Callum Dourneen
Software Developer
< Back
project prem
A Python-based machine learning model that forecasts match outcomes.
About
The Premier League Predictor is a data driven tool built to forecast football match outcomes using machine learning. The project gathers and processes historical Premier League data, team statistics, and form metrics to train a classification model capable of predicting match results. It was designed to explore the application of artificial intelligence in sports analytics and showcases skills in data preprocessing, model training, evaluation, and deployment. The predictor provides a practical example of how AI can interpret and act on real world data.
Project Details
App Title: Premier League Predictor
Genre: Data Science / Sports Analytics
Platform: PC
Development Tools: Python, Pandas, Scikit-learn
App Features:
  • Preprocess and analyze historical Premier League data
  • Train a classification model to predict match outcomes
  • Evaluate model accuracy and refine predictions
  • Visualize team performance trends and prediction results
  • Explore potential real-world applications of AI in sports
  • Technical Analysis
    What I Learnt
    Applying Machine Learning:
    This project was my first experience using machine learning to create an AI system that could make predictions based on real world data.

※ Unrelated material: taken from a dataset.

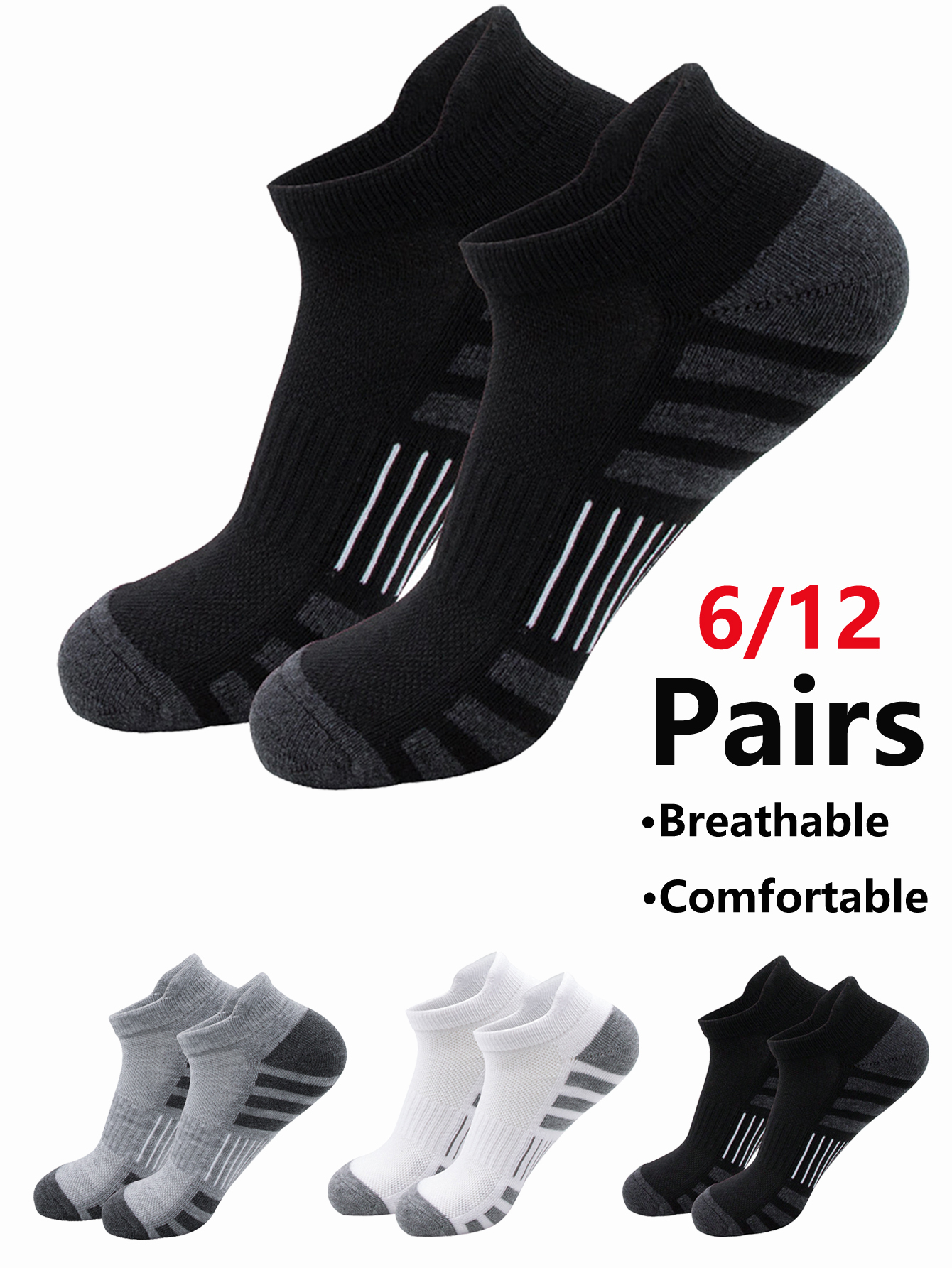 6/24 Pairs Cushioned Breathabl - Athletic Sock Cushion reseña y precio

I learned how to structure and clean a dataset, train a model using logistic regression, and interpret prediction results.
    Retrospective
    Future Improvements:
    Looking back, this project gave me a strong foundation in both machine learning and dataset engineering. One of the biggest challenges was preparing data that the model could learn from accurately—especially distinguishing between home and away teams. Initially, the AI couldn't recognize the difference, so I had to explicitly encode team roles with one hot encoding. I also learned the importance of input validation in the GUI to prevent model errors from incorrect user selections. In the future, I would like to expand the dataset and explore more advanced models.